**Given records:**
──────────

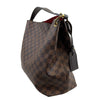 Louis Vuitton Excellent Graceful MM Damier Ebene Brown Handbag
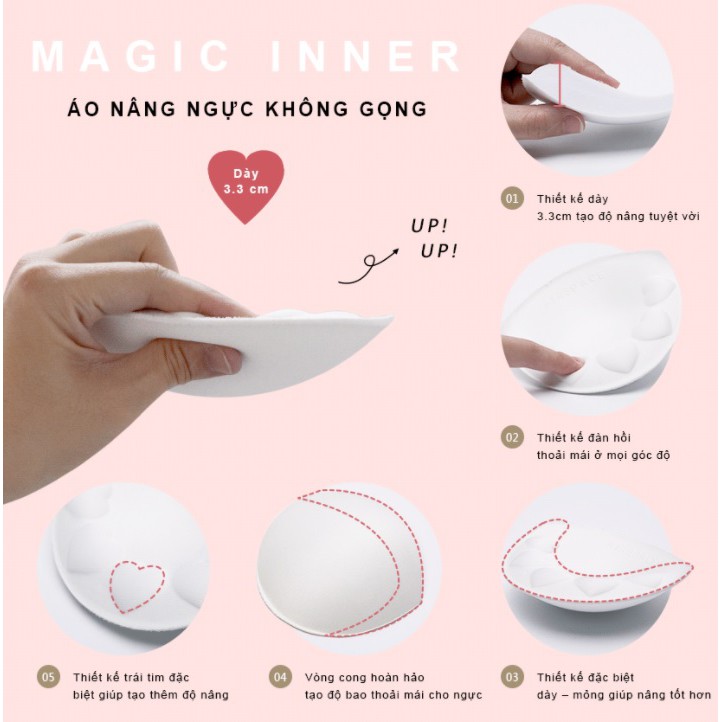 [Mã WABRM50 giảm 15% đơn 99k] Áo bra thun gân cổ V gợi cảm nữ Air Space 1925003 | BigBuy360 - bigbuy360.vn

──────────

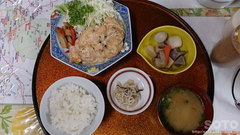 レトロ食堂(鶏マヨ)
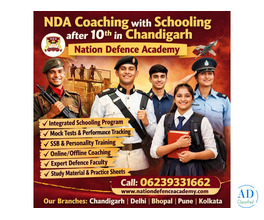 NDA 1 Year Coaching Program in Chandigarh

──────────

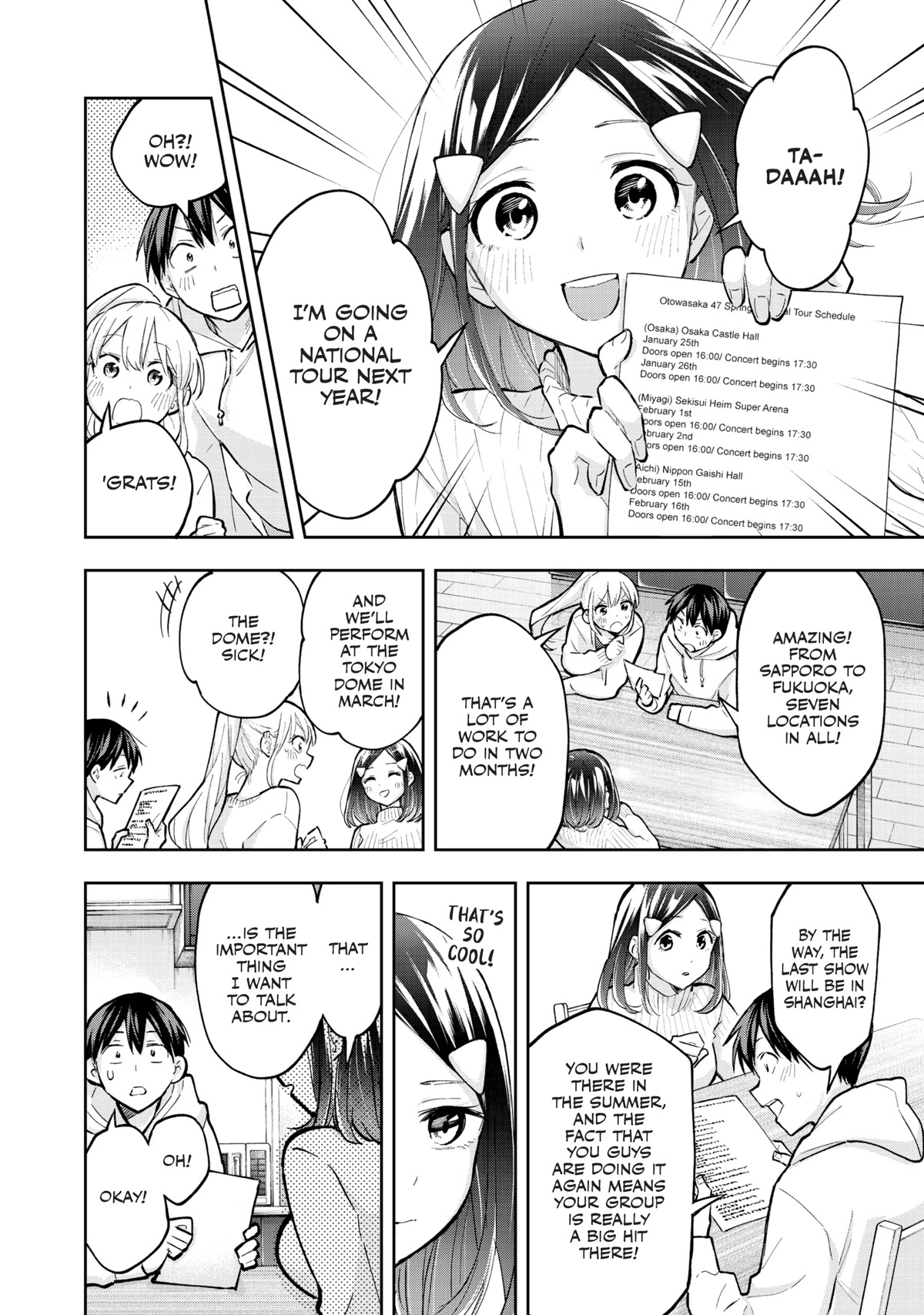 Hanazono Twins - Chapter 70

──────────

**What you have to do:**
Within the listing above, extract exactly the lines that run from the one containing "Louis Vuitton Excellent" through the one containing "[Mã WABRM50 giảm", excluding any pictures.

**Solution for this task:**
 Louis Vuitton Excellent Graceful MM Damier Ebene Brown Handbag
 [Mã WABRM50 giảm 15% đơn 99k] Áo bra thun gân cổ V gợi cảm nữ Air Space 1925003 | BigBuy360 - bigbuy360.vn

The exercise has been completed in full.